Generative Artificial Intelligence and Copyright Law

Updated June 16, 2025 (LSB10922)

Innovations in artificial intelligence (AI) have raised several new questions in the field of copyright law. Generative AI programs—such as Open AI's DALL-E and ChatGPT programs, Stability AI's Stable Diffusion program, and Midjourney's self-titled program—are able to generate new images, texts, and other content (or "outputs") in response to a user's textual or other prompts. Generative AI programs are trained to create such outputs partly by exposing them to large quantities of existing writings, photos, paintings, or other works.

This Legal Sidebar explores questions that courts and the U.S. Copyright Office have confronted regarding whether generative AI outputs may be copyrighted, as well as legal debates about whether training and using generative AI programs may infringe copyrights in other works. Other Legal Sidebars explore questions AI raises in the intellectual property fields of patents and the right of publicity.

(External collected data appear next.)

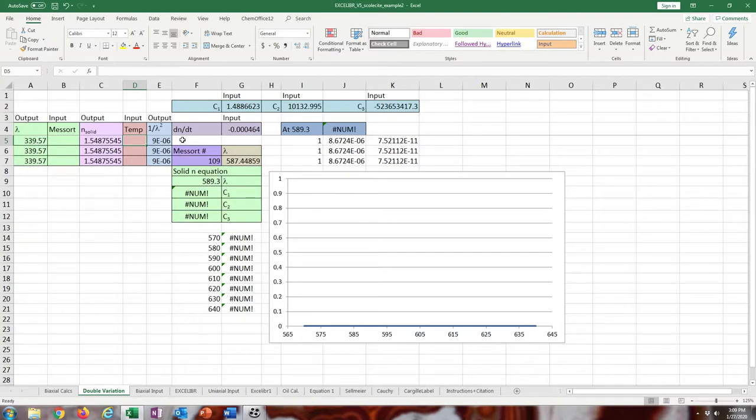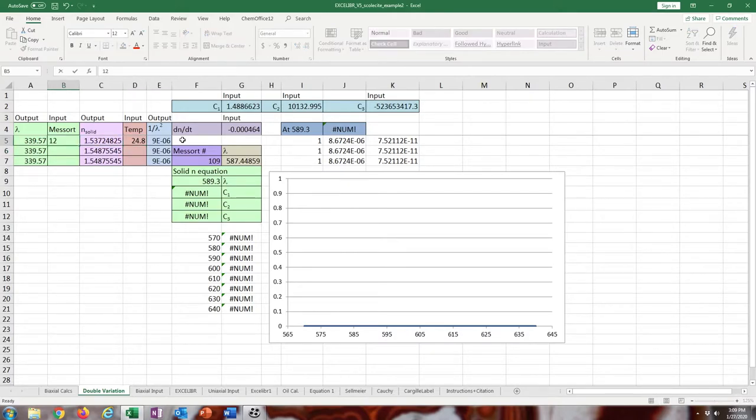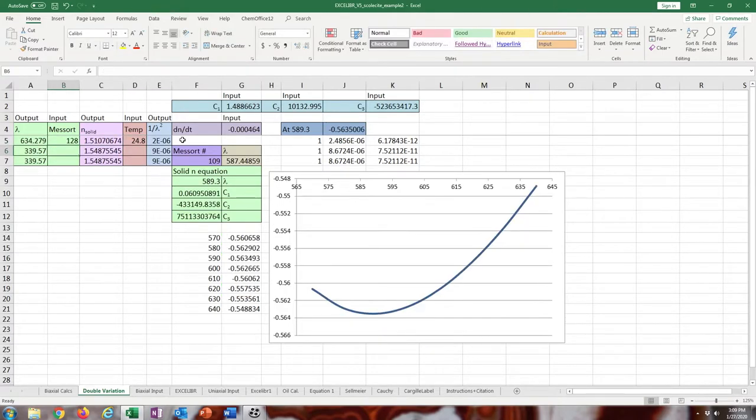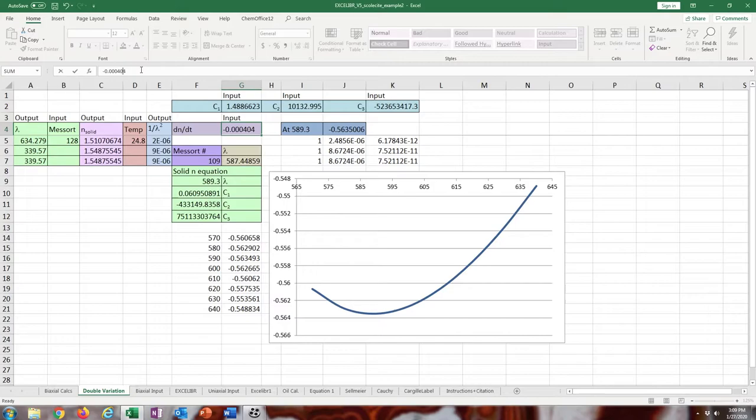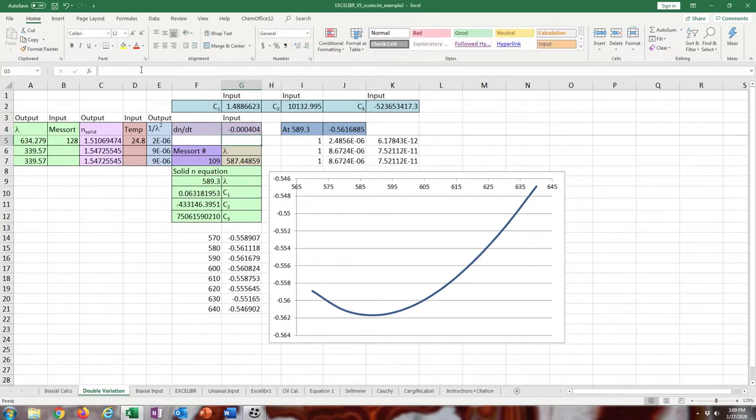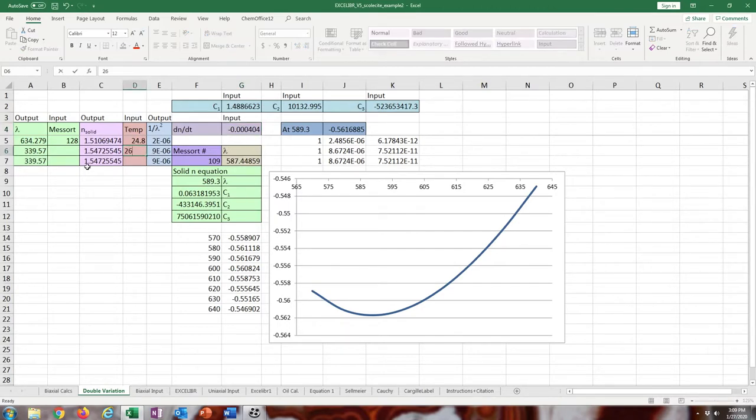We'll see what that looks like physically in a second. I'm just going to enter these in real quick. This is what it turned out to be, and I'll show you what it looks like under the microscope later. Make sure the dndt is correct.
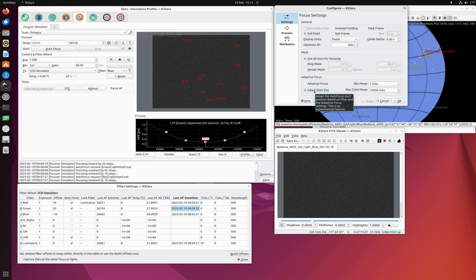This feature is in bleeding edge KStars now, so it's obviously a new experimental feature. If you'd like to try it, give it a go and let me know what you think.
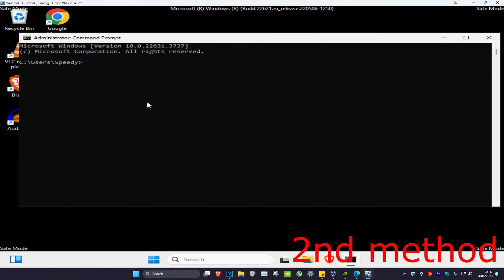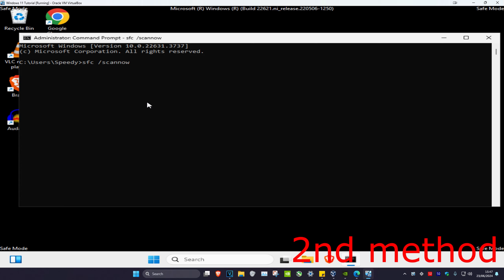second method, you want to head over to search and then type in reset this PC. Click on it. We're not actually going to reset it by the way.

Copyright in Works Created with Generative AI

Do Copyrighted Works Require a Human Author?

The question of whether copyright protection may be afforded to AI outputs—such as images created by Midjourney or texts created by ChatGPT—hinges largely on the legal concept of "authorship." Article I, Section 8, Clause 8 of the U.S. Constitution, often referred to as the Intellectual Property (IP) Clause, empowers Congress to "secur[e] for limited Times to Authors . . . the exclusive Right to their . . . Writings." Based on this authority, the Copyright Act affords copyright protection to "original works of authorship." While the Constitution and Copyright Act do not explicitly define who (or what) may be an "author," U.S. courts to date have not recognized copyright in works that lack a human author—including works created autonomously by AI systems.

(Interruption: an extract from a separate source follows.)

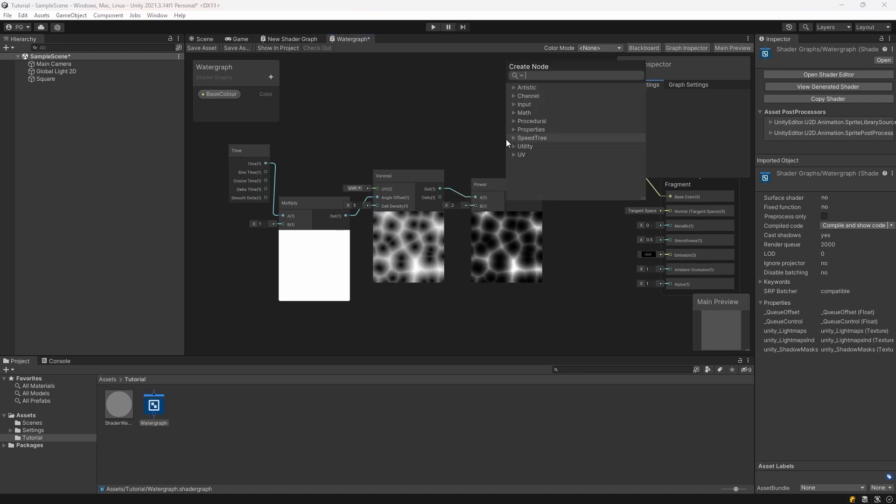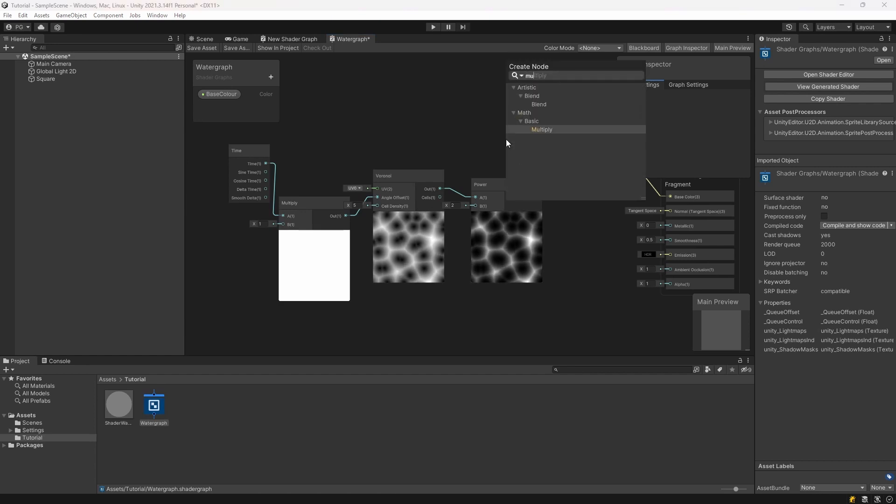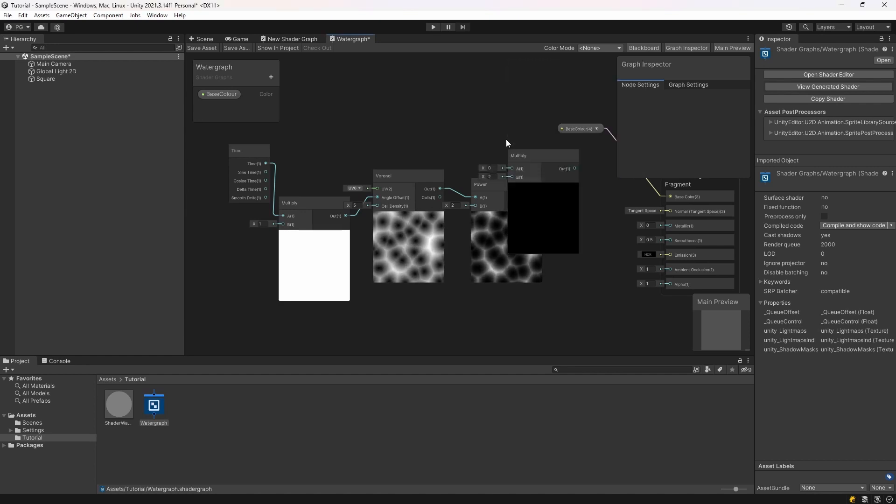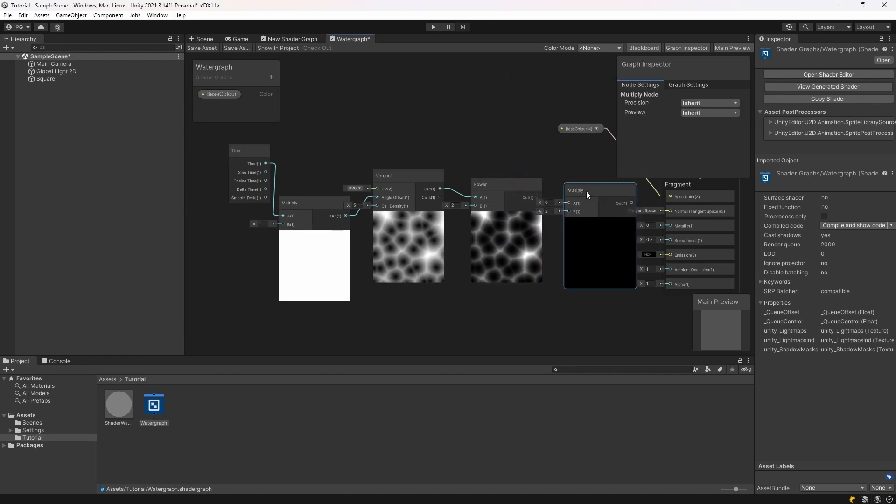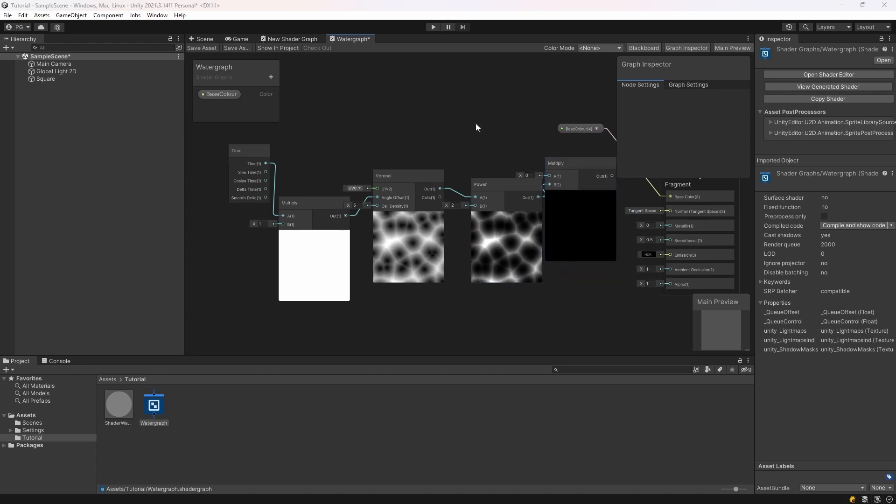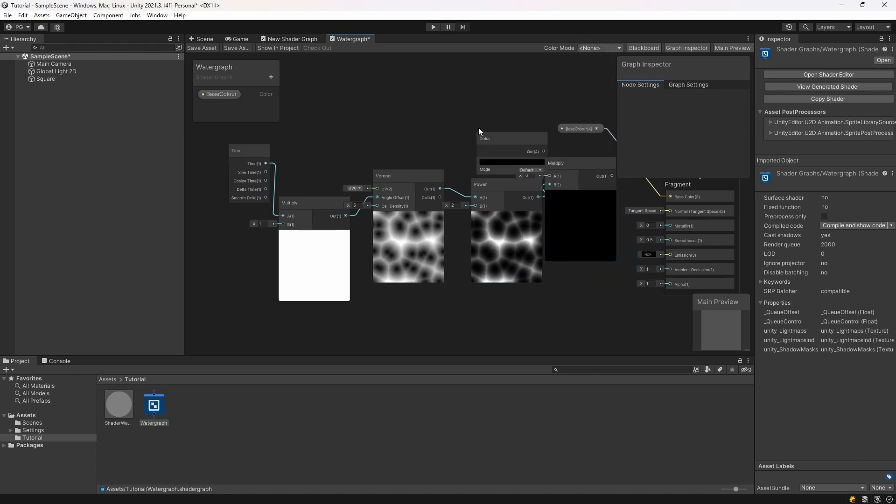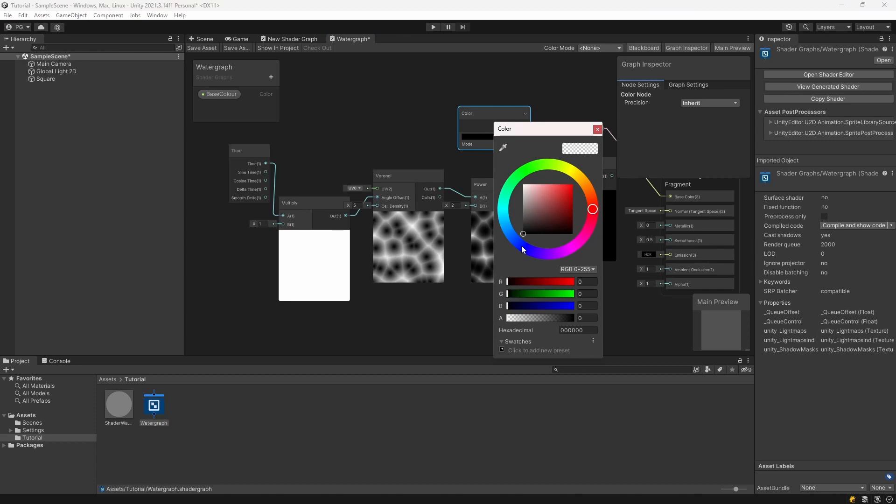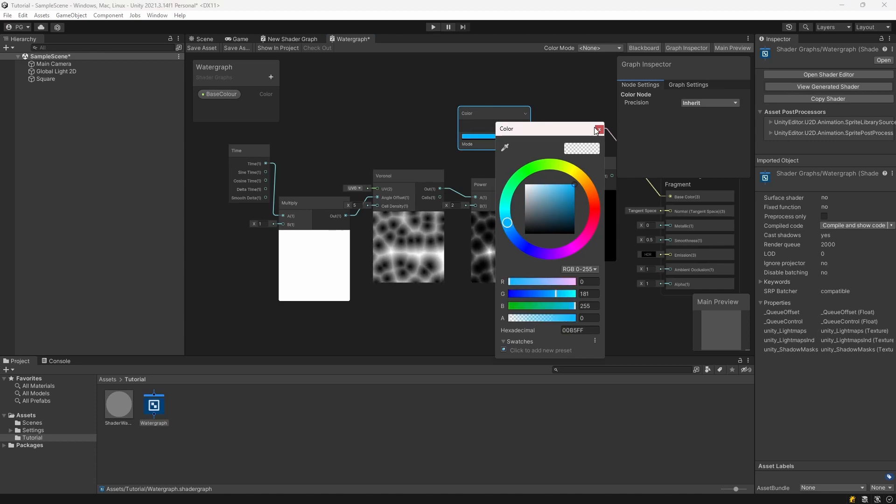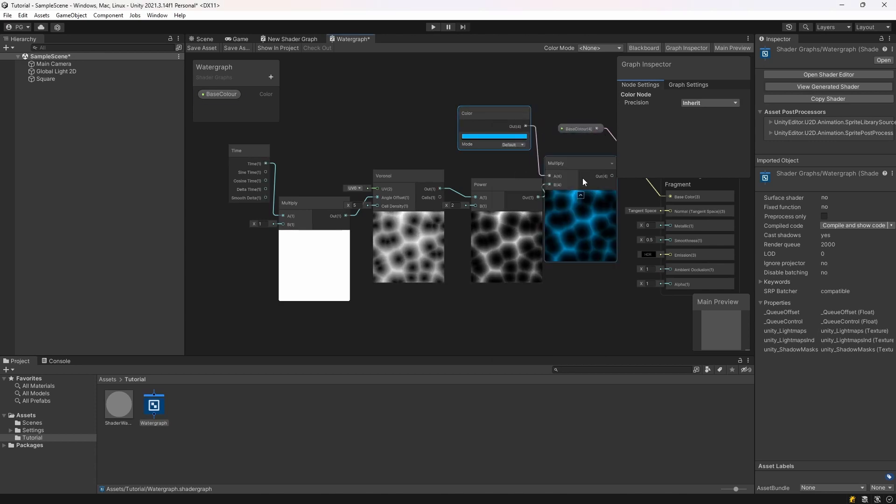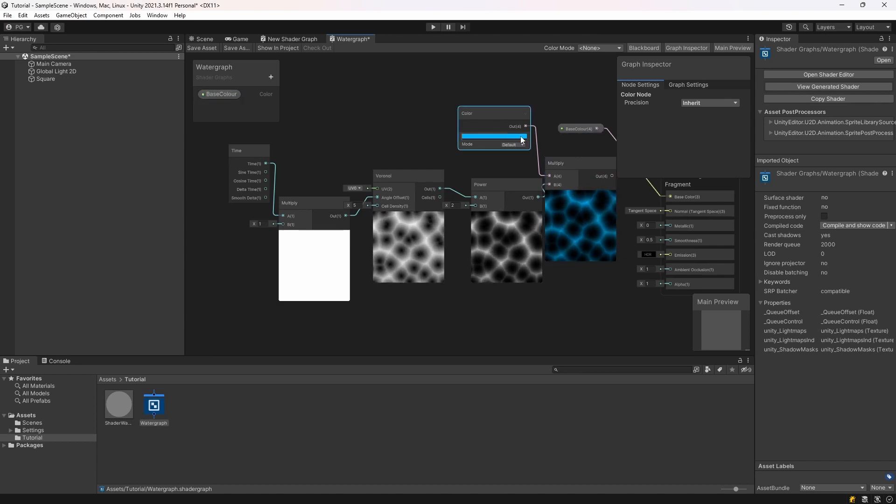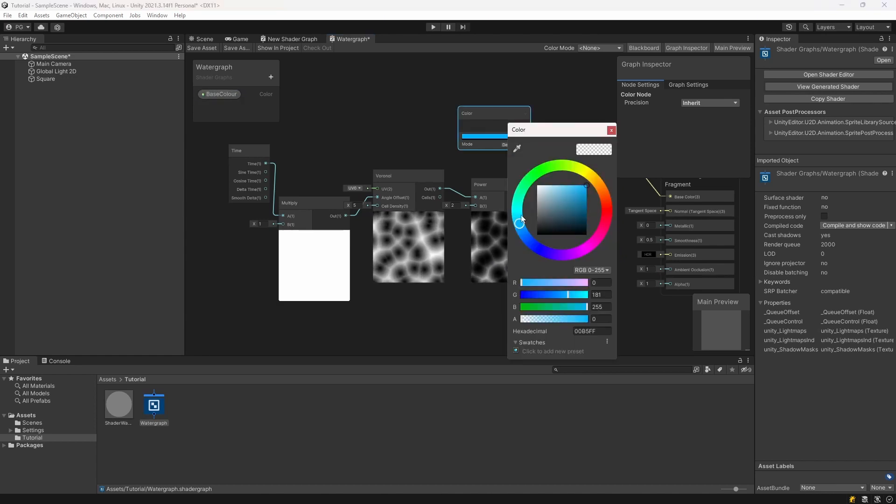And then we're going to multiply this power output with another color which we will select as a light blue. And that will give the ripples a color. I'm just going to make this slightly lighter.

Before the proliferation of generative AI, U.S. courts did not extend copyright protection to various nonhuman authors, holding that a monkey who took photos of himself lacked standing to sue under the Copyright Act; that human authorship was required to copyright a book purportedly inspired by celestial beings; and that a living garden could not be copyrighted. The U.S. Copyright Office has also long maintained that copyrighted works must be "created by a human being" and therefore refused to register works that are "produced by a machine or mere mechanical process that operates randomly or automatically without any creative input or intervention from a human author."

At least one lawsuit has—unsuccessfully, thus far—challenged the human-authorship requirement in the context of AI. In June 2022, Stephen Thaler sued the Copyright Office for denying his application to register a visual artwork that he claims was authored "autonomously" by an AI program. Dr. Thaler argued that human authorship is not required by the Copyright Act. In August 2023, a U.S. district court granted summary judgment in favor of the Copyright Office. The court held that "human authorship is an essential part of a valid copyright claim," reasoning that only human authors need copyright as an incentive to create expressive works.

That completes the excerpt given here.